But something was fueling it and what we learned, we discovered was that these
payment option ARMs were helping consumers bid up the price of housing because
they could keep that payment real low. And if you have a bunch of people with
that ability to keep payments low and get into the housing market, it's, you
know, supply and demand. And that's what drove up the prices so quickly in a
lot of these markets, these crazy payment options ARMs which loan brokers sold
to consumers and Countrywide would buy them, or other companies would buy them
from the brokers. So that was the crazy loan.

But when I saw this thing coming, I didn't think it was going to be this bad.
And I didn't really realize until maybe a year ago it was going to be really
ugly, but I didn't think it was going to be quite this bad. I knew it was
going to be bad, but this is something else.

GROSS: This is interesting. You're saying that the price of homes was
inflated in part because people could kind of get away with paying their
mortgage without paying their mortgage?

Mr. MUOLO: Exactly.

GROSS: Just by putting it off and putting it off, getting deeper and deeper
into debt.

Mr. MUOLO: Exactly.

GROSS: Instead of getting out of debt and paying off their mortgage. And
because people were deceived into thinking that they could kind of get an
expensive home without having to pay much in the immediate future, they were
willing to buy it.

Mr. MUOLO: Oh, without a doubt. At least that's something I believed in for
a year or two now that the payment option ARM, the, you know, sort of a
subprime loan in a way but not really, that was the loan--what came first, the
chicken or the egg? And you know, high housing prices, or did this loan come
about and cause high housing prices? I think this loan, this payment option
ARM, came along and helped excel home prices in some markets into the
stratosphere. That's just something I believe in doing all the research for
the book, it's just that this loan created a huge demand, a huge ability of
people to buy homes that they probably shouldn't have afforded or could never
have afforded if it wasn't for this one little option where they didn't have
to pay the full mortgage amount and could actually add onto their debt and
keep their payment really low. That's what I think really drove home prices
into the stratosphere.

GROSS: If you want to buy a house now, do you need a good credit rating? Is
it going to be harder to get, like, a subprime mortgage now?

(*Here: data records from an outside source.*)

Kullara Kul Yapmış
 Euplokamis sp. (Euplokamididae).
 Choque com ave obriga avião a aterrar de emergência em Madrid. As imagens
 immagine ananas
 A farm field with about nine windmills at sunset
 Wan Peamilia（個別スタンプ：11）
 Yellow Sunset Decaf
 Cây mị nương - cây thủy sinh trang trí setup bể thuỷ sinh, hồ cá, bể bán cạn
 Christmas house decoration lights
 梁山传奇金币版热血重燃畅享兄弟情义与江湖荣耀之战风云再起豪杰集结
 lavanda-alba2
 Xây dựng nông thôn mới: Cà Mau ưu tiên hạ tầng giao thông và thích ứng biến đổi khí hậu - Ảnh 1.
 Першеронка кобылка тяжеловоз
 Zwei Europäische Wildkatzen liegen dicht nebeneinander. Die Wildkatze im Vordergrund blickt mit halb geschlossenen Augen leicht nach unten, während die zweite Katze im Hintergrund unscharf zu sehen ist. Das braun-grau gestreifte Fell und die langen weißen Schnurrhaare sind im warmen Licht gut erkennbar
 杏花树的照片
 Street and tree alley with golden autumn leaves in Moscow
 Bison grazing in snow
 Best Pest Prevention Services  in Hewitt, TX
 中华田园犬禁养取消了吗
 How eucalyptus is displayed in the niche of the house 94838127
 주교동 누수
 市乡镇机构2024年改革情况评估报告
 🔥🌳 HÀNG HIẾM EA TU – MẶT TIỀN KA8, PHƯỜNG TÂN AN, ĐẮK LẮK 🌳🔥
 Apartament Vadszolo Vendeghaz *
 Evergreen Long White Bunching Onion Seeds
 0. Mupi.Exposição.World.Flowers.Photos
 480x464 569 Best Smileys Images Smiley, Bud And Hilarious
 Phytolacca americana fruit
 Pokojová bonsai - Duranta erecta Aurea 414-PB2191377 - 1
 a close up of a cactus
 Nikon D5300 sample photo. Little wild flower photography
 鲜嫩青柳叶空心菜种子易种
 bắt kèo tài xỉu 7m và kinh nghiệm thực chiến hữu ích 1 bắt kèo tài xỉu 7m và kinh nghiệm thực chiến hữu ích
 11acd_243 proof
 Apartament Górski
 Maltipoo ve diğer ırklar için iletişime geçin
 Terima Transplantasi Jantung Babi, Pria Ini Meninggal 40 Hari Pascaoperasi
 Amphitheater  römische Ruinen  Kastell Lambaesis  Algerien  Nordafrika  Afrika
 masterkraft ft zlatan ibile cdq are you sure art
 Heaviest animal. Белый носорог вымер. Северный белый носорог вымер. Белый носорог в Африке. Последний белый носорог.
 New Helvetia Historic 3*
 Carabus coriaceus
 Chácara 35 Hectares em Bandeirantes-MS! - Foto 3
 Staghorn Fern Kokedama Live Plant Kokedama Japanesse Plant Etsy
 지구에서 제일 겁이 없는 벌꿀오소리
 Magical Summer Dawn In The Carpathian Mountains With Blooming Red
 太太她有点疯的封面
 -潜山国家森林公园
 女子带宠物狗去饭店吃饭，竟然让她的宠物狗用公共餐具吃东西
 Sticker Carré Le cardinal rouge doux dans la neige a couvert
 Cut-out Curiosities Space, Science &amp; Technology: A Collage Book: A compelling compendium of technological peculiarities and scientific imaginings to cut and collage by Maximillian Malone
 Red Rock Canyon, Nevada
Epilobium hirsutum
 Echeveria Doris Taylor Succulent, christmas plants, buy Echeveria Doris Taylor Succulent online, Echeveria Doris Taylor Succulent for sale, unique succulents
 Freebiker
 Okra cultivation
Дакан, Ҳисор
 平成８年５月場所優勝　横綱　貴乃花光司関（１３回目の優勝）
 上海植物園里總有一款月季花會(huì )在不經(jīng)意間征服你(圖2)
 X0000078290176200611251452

Mr. MUOLO: Oh, without a doubt. Subprime mortgages are near nonexistent.
Just to give you an example, the peak of the industry was 2005, I believe.
Something like $800 billion worth of subprime loans were originated in 2005.
The next year about 700 billion. That's a phenomenal amount of money. In the
first quarter of 2008, $5 billion in subprime loans were originated. Business
has basically been wiped off the face of the earth. There's not much of a
subprime business out there. It's all gravitating now towards what we call
the FHA program, the Federal Housing Administration. People with bad credit
who have trouble getting a down payment are now using these government-insured
loans. So people feel that maybe the FHA, the government could be in to get
walloped down the road if these new loans being originated and insured by the
government come under pressure. But the subprime industry we've know from
2000 to 2007 is basically just about over. I mean people with bad credit
don't have a place to get loans.

GROSS: There were front page headlines this morning about Fannie Mae and
Freddie Mac shares losing a lot of money yesterday. So before we talk about
what that means and how the story's been updated, could you just tell us what
Fannie Mae and Freddie Mac are?

Mr. MUOLO: Fannie Mae and Freddie Mac are two publicly traded companies that
have government charters. Their mission in life is to provide liquidity to
the mortgage market; and the way they do that is that they buy mortgages from
banks, savings and loans, and nonbank mortgage lenders, credit unions, and
they buy those loans for cash, or they swap in securities, and that cash gets
given to the financial institution, the bank or the S&L, and they take that
money and go out and make more loans. That's their mission. That's been
their charter for many, many years, and they--right now they are the backbone
of the mortgage industry in the wake of the collapse of the subprime industry.

GROSS: So do Fannie Mae and Freddie Mac basically have a lot of the subprime
mortgages that are the problem children? Do they own a lot of those mortgages

Mr. MUOLO: They don't own a lot of them. There's roughly a trillion dollars
in outstanding subprime loans in the US. Together Fannie and Freddie own--and
my numbers are not quite--these are estimates--somewhere in the neighborhood
of 140 billion in bonds that are created from subprime loans, and they have
triple-A ratings, meaning there's insurance on those bonds. So they feel,
even with all these defaults, they're going to get paid off. Probably a lot
of what they own is guaranteed. So they don't--they own maybe 10 to 15
percent of the outstanding. It's not a huge number, but there is concern
given all the credit quality concerns about subprime delinquencies.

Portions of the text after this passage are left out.